Problem requirements => Given the records below, would you repeat exactly the lines that begin at the one containing "Eden & Olivia" and end at the one containing "Invitation Soirée Anniversaire", inclusive?

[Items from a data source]
* * * * * * *

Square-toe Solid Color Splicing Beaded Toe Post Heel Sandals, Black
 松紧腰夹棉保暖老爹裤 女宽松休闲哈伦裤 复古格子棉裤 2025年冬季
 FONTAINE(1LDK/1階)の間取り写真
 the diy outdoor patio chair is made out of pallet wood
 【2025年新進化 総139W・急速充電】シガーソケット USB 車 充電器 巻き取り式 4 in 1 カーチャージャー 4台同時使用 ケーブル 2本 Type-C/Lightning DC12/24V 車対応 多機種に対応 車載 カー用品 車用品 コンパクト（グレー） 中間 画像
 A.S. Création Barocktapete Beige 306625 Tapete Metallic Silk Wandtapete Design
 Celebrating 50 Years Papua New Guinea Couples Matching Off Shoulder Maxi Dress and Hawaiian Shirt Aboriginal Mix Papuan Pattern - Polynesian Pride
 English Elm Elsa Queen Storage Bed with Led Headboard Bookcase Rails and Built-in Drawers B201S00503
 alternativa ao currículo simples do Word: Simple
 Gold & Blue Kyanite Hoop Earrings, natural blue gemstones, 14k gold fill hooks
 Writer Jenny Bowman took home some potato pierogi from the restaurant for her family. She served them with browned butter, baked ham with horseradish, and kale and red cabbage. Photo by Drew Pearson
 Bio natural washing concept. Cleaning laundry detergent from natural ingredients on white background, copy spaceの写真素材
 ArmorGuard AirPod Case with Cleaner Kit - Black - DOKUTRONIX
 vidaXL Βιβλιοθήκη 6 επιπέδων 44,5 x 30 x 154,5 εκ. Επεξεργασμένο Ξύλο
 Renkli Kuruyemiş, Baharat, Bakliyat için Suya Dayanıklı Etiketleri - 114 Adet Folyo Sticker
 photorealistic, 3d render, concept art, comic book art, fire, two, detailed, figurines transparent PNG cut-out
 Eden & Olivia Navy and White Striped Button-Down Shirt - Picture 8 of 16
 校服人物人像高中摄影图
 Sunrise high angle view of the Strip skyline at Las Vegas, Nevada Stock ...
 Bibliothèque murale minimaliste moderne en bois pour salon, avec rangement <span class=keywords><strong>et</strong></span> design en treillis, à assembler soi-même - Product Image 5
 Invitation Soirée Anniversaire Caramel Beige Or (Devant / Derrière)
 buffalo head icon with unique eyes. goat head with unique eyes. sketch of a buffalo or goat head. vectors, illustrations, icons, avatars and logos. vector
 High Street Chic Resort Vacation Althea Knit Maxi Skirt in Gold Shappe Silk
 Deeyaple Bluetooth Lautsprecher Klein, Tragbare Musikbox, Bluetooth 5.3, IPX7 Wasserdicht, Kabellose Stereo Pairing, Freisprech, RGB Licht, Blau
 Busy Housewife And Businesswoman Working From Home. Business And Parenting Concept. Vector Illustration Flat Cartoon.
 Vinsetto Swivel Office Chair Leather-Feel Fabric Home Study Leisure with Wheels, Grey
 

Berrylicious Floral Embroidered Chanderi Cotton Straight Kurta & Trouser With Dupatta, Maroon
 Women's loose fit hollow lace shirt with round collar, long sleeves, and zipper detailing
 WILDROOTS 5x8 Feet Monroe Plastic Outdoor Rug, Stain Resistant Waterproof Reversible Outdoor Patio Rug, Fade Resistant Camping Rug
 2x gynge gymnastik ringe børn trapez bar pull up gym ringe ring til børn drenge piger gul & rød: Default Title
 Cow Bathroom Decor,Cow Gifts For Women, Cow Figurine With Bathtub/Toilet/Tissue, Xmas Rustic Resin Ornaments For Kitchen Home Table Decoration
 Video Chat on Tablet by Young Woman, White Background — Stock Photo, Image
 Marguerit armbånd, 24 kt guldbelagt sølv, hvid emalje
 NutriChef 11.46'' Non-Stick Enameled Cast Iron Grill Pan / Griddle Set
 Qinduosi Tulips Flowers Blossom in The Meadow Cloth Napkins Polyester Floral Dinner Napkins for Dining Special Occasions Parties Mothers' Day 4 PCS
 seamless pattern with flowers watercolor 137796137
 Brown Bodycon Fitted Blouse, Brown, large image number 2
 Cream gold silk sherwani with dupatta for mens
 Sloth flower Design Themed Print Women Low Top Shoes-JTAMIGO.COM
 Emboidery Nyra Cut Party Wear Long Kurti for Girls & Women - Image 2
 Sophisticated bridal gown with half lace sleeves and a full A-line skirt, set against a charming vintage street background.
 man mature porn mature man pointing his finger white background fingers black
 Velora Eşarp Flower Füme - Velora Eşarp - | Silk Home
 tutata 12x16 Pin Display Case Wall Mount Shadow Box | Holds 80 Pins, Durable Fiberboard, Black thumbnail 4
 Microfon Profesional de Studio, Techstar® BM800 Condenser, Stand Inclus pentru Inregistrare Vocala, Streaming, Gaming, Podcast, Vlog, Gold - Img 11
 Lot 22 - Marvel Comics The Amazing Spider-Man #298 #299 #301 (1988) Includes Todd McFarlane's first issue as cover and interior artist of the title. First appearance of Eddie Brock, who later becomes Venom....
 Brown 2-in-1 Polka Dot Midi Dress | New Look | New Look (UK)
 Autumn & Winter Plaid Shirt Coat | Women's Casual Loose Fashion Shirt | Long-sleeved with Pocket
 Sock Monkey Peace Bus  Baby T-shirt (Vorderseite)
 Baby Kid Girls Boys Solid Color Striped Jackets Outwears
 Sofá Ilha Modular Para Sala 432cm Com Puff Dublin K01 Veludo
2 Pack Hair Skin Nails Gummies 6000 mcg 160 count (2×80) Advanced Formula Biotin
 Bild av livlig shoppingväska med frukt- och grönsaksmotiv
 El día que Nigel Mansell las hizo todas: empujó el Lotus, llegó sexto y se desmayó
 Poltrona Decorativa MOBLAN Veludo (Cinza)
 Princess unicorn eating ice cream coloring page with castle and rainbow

* * * * * * *

Completed task =>
 Eden & Olivia Navy and White Striped Button-Down Shirt - Picture 8 of 16
 校服人物人像高中摄影图
 Sunrise high angle view of the Strip skyline at Las Vegas, Nevada Stock ...
 Bibliothèque murale minimaliste moderne en bois pour salon, avec rangement <span class=keywords><strong>et</strong></span> design en treillis, à assembler soi-même - Product Image 5
 Invitation Soirée Anniversaire Caramel Beige Or (Devant / Derrière)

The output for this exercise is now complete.